JAKARTA – Jumlah penumpang Kereta Rel Listrik (KRL) Commuter Line di wilayah Jabodetabek tercatat mengalami penurunan sebesar 9 persen pada Jumat (8/5/2026). Hingga siang hari, KAI Commuter mencatat total pengguna sebanyak 499.101 orang, atau turun sebanyak 436.520 orang dibandingkan hari kerja biasanya.
Vice President Corporate Secretary KAI Commuter, Karina Amanda, menjelaskan bahwa penurunan volume penumpang ini dipicu oleh kebijakan *Work From Home* (WFH) bagi Aparatur Sipil Negara (ASN) yang berlaku setiap hari Jumat. Kebijakan ini diterapkan sebagai langkah penghematan konsumsi energi dan BBM di tengah lonjakan harga minyak mentah dunia akibat konflik di Timur Tengah.
Kondisi stasiun keberangkatan utama dan stasiun integrasi dilaporkan tidak sepadat hari kerja pada umumnya. Meski demikian, kepadatan penumpang di dalam rangkaian kereta saat jam sibuk pagi hari masih tetap terlihat.
Data KAI Commuter menunjukkan penurunan jumlah penumpang yang signifikan di sejumlah stasiun keberangkatan utama. Stasiun Bogor mencatat 23 ribu penumpang (turun 23 persen), Stasiun Bekasi 22 ribu penumpang (turun 9 persen), Stasiun Sudimara 11 ribu penumpang (turun 14 persen), Stasiun Tangerang 10 ribu penumpang (turun 19 persen), serta Stasiun Bekasi Timur 5 ribu penumpang (turun 6 persen).
Tren serupa terjadi di stasiun tujuan kawasan perkantoran. Stasiun Sudirman mencatat 32 ribu penumpang (turun 5 persen), Stasiun Gondangdia 15 ribu penumpang (turun 21 persen), Stasiun Juanda 14 ribu penumpang (turun 8 persen), dan Stasiun Tebet 18 ribu penumpang (turun 7 persen).

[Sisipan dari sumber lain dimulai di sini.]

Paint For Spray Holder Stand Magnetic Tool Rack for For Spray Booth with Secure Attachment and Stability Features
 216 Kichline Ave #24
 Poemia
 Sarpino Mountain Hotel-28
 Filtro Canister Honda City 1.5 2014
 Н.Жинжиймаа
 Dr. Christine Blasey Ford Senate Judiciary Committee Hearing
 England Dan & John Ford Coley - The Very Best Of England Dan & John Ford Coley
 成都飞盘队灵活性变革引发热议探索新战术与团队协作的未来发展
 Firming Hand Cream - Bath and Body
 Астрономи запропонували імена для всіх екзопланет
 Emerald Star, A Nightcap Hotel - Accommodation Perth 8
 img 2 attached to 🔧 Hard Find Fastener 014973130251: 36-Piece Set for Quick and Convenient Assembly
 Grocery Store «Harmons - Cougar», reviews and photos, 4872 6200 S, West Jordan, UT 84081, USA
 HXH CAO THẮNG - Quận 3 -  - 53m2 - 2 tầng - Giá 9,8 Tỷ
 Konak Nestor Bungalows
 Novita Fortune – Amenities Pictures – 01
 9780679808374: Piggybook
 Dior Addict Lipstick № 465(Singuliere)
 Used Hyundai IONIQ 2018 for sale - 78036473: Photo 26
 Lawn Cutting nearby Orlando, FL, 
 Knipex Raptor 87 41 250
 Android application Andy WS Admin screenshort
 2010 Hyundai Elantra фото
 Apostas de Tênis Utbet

Meskipun terjadi penurunan jumlah penumpang, Karina memastikan KAI Commuter tetap mengoperasikan layanan sesuai jadwal yang berlaku. Sebanyak 1.063 perjalanan Commuter Line tetap melayani masyarakat hari ini.
Langkah ini diambil untuk memastikan kenyamanan pengguna serta menjaga jarak aman di dalam kereta. Selain itu, operasional penuh ini bertujuan memberikan fleksibilitas waktu bagi masyarakat yang tetap beraktivitas menggunakan transportasi publik.